The thesis begins by examining the stochastic nonlinear Schrödinger equation with white noise dispersion (SNLSE), see Paper 1. The investigation probes the performance of different numerical integrators for this equation, focusing on their convergences, L²-norm preservation, and computational efficiency. Further, this thesis thoroughly investigates a conjecture on the critical exponent of the SNLSE, related to a phenomenon known as blowup, through numerical means. 

The thesis then introduces and studies exponential integrators for the stochastic Manakov equation (SME) by presenting two new time integrators - the explicit and symmetric exponential integrators - and analyzing their convergence properties, see Paper 2. Notably, this study highlights the flexibility and efficiency of these integrators compared to traditional schemes.
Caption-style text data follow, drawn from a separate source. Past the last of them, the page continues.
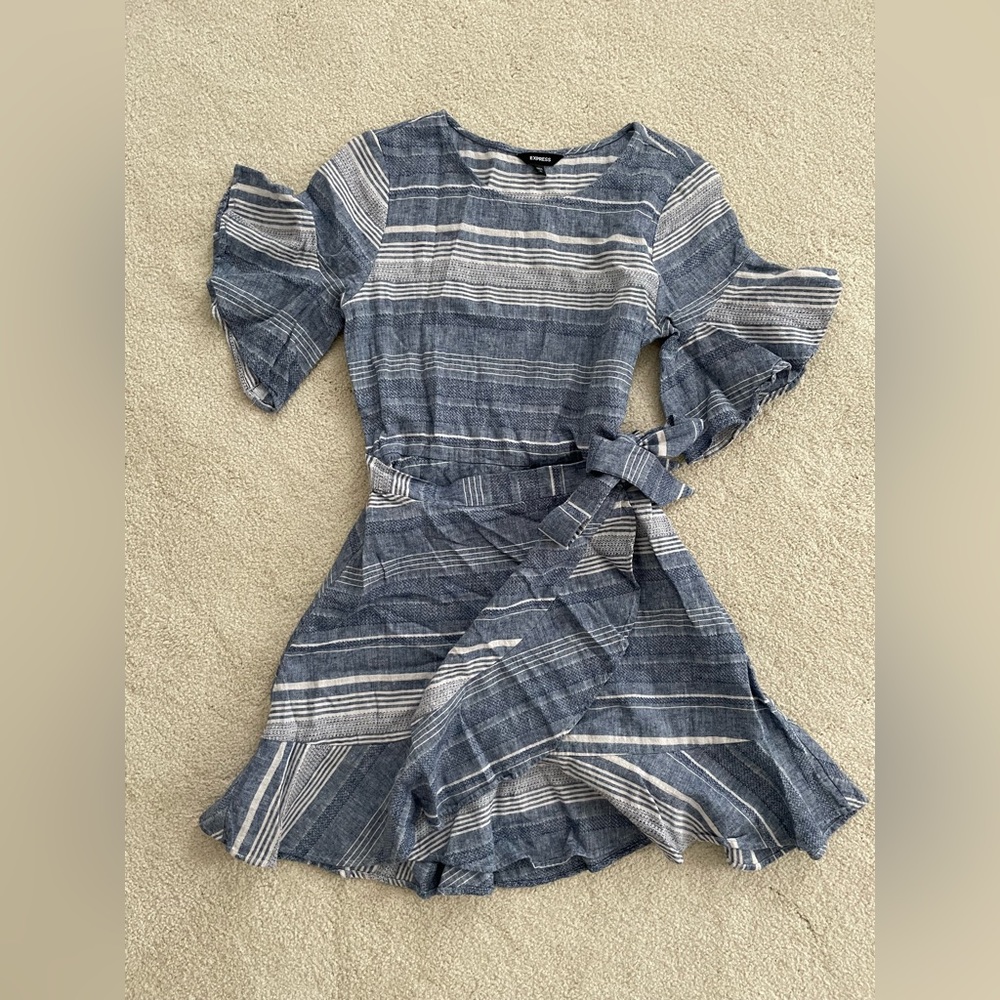 Striped blue dress with ruffles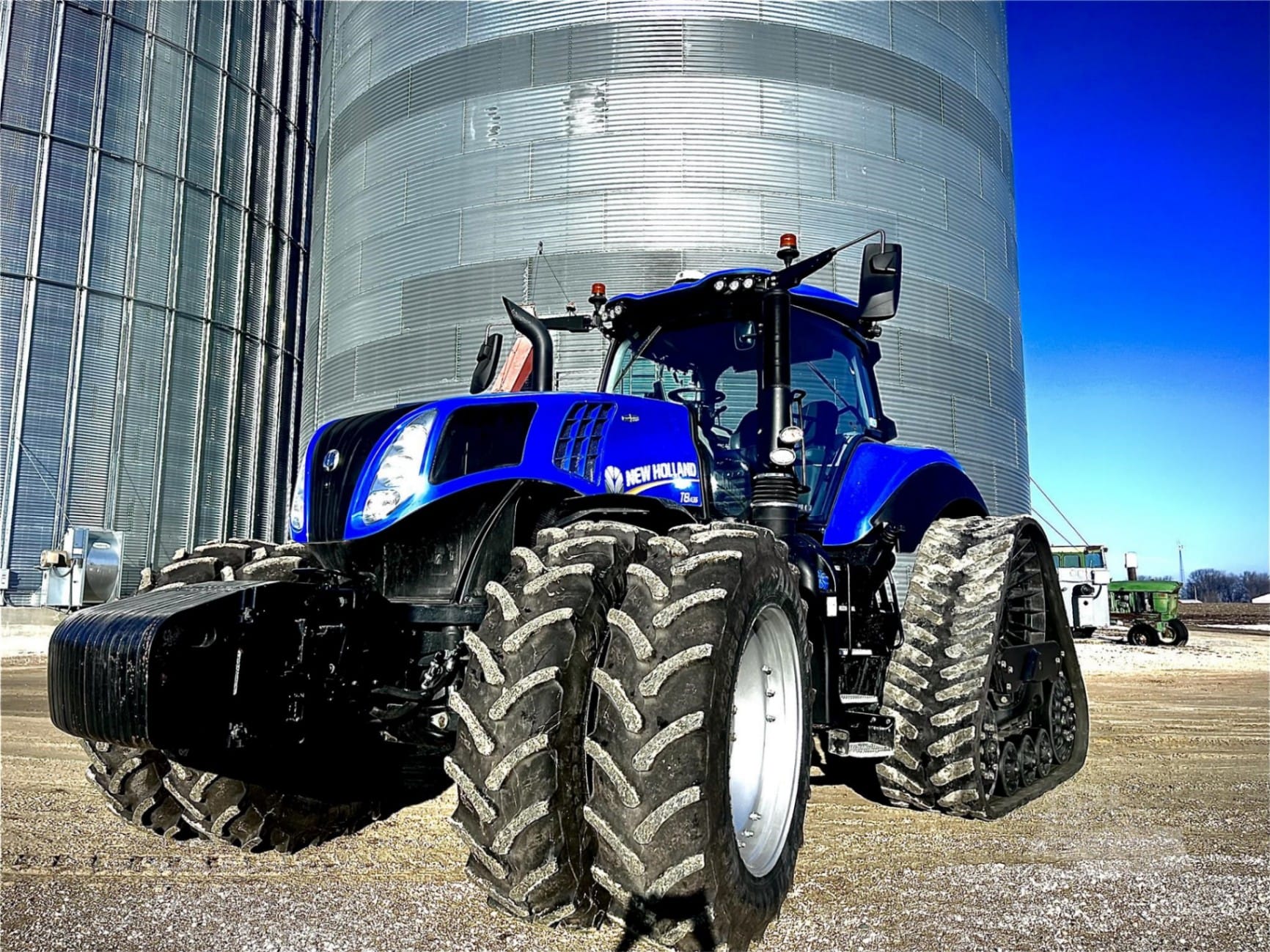 2020 New Holland T8.435 Field Tractors Power for sale in Independence, IA - listing photo 3 of 18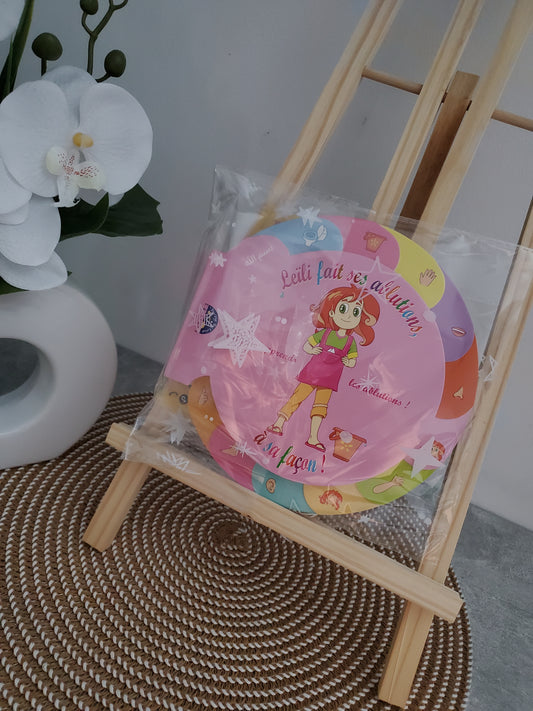 Leïla fait ses ablutions à sa façon & Regarde-moi Je prie comme maman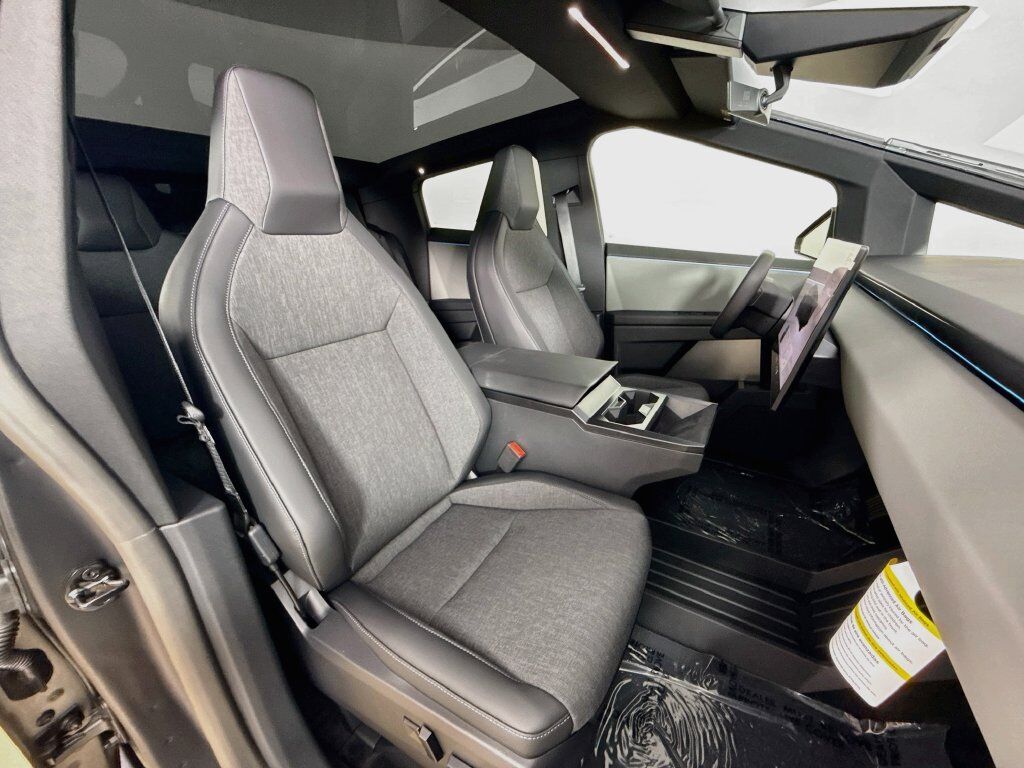 2026 Tesla Cybertruck Base Willowbrook IL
The narrative then turns to the Lie-Trotter splitting integrator for the SME, see Paper 3, comparing its performance to existing time integrators. Theoretical proofs for convergence in various senses, alongside extensive numerical experiments, shed light on the efficacy of the proposed numerical scheme. The thesis also deep dives into the critical exponents of the SME, proposing a conjecture regarding blowup conditions for this SPDE.

Lastly, the focus shifts to the stochastic generalized Benjamin-Bona-Mahony equation, see Paper 4. The study introduces and numerically assesses four novel exponential integrators for this equation. A primary finding here is the superior performance of the symmetric exponential integrator. This thesis also offers a succinct and novel method to depict the order of convergence in probability.